## Problem to work on
Search the records for the string "para" and copy every line in which it appears.
========================================================================
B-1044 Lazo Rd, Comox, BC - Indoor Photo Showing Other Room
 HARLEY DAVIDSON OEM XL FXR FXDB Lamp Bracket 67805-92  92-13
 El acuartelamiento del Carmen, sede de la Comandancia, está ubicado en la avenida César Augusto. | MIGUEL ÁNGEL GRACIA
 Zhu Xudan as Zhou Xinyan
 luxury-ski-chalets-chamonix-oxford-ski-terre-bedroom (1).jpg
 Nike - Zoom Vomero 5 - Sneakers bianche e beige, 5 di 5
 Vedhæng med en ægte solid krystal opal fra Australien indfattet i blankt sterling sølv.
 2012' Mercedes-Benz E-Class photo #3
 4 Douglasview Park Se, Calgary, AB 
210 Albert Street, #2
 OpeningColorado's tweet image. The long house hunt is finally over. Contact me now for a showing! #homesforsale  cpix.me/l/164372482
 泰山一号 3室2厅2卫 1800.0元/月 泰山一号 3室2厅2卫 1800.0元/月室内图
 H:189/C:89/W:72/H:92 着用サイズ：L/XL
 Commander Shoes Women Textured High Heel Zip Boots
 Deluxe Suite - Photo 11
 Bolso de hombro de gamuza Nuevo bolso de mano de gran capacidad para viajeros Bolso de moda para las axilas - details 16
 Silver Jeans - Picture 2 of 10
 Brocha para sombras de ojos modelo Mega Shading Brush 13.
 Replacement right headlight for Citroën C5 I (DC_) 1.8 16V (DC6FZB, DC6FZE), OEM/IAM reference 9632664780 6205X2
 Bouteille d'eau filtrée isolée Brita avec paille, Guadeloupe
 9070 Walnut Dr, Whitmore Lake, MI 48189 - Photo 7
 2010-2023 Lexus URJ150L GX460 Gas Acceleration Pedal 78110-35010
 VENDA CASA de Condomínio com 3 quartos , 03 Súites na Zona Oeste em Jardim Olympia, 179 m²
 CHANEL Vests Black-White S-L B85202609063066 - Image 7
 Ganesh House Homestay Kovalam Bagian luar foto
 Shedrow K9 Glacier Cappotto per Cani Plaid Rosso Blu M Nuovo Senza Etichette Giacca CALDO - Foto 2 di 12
========================================================================
## Written response
 Bolso de hombro de gamuza Nuevo bolso de mano de gran capacidad para viajeros Bolso de moda para las axilas - details 16
 Brocha para sombras de ojos modelo Mega Shading Brush 13.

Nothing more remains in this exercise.